Nintendo is bringing one of the Wii U’s biggest titles, Mario Kart 8, to the Switch with a bevy of new features. We recently had a chance to go hands-on with some races and each of the game’s five new battle modes in a private multiplayer session at PAX East.
From the moment you first fire up Mario Kart 8 Deluxe on Nintendo Switch, you will have all of the tracks and characters unlocked to play with. This includes new additions like the Inklings and Dry Bowser. However, you will need to earn coins in the various single and multiplayer modes to further customize your cars and bikes.
As far as the standard offerings, Deluxe doesn’t differ much from Mario Kart 8. All the DLC characters and cups are included, as well as the additional challenge of 200CC mode and a new “no-fall” setting for younger players. However, the big new draw is Battle Mode, which fans sorely missed on Wii U.

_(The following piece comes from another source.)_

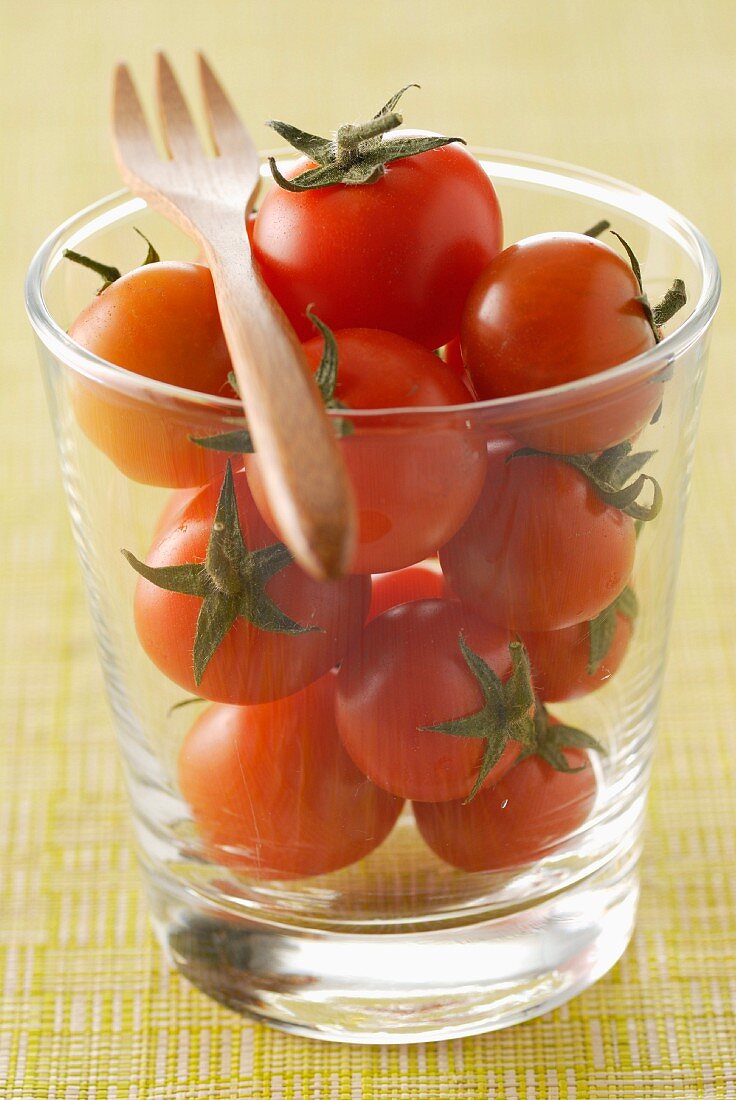 Glass of cherry tomatoes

Fan-favorite Balloon Battle is back, but with a twist. The competitive edge has been narrowed down, as losing each of your balloons won’t remove you from the game, but instead take a sizeable chunk of your amassed coins. Combined with keeping your balloons intact, this ultimately determines the winner of each match, and players will be able keep their total at the end of their session. Another mode, Bob-Omb Blast is a spin on Balloon Battle, but the only items players will be able to use are, predictably, bombs. This is just as hectic as you might expect, but doesn’t seem like it will maintain popularity online and it feels a little cheap as a completely separate offering.
One of the best new additions is Renegade Roundup, a cops-and-robbers-style brawl that randomly decides teams of criminals on the run and Piranha Plant carrying law enforcers. The police team simply needs to ram into a fleeing renegade to send them to jail. Once imprisoned, the player will sit in a cage unless one of their teammates drives over a button located just underneath to free all captured teammates. Although the cops won in both of the sessions we tried, the matches were tense and engaging.

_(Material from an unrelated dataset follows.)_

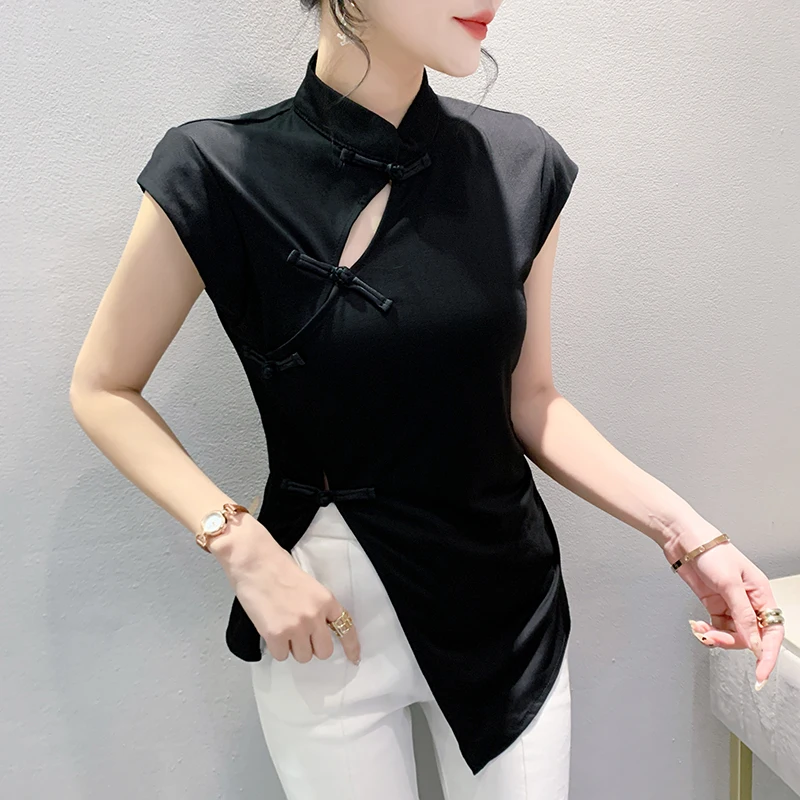 Новинка 2024 асимметричная сетчатая женская футболка в китайском стиле на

The remaining Battle Modes are standard competitive Mario Kart fare, Coin Runner and Shine Thief. The first is a simple contest to be the player holding the most coins when the timer expires. Whoever is currently in the lead will be adorned with a glowing crown that signifies other players to target them with items. Shine Thief is remarkably fast-paced, with each racer vying to hold the glowing target for a total of 20 seconds. When hit with an item, the Shine drops, and a mad scramble to recover it begins. The final few seconds often decide the outcome of this game, to humorous effect.
Overall, Mario Kart 8 Deluxe seems like a great choice for new Switch owners once they finish Breath of the Wild. Though, Battle Mode might not be enough to entice players who owned the Wii U version to double dip, there are a few new items, like the first appearance of jumping feathers since Super Mario Kart.
Four players can use one Switch console at a time, with room for up to 12 racers total utilizing the system’s LAN capabilities. The JoyCon, Grips, and Pro Controllers can be used as well as new compatible wheel controllers that launch with the game, at the price of $14.99 per pair.
Mario Kart 8 Deluxe hits the Nintendo Switch on April 28.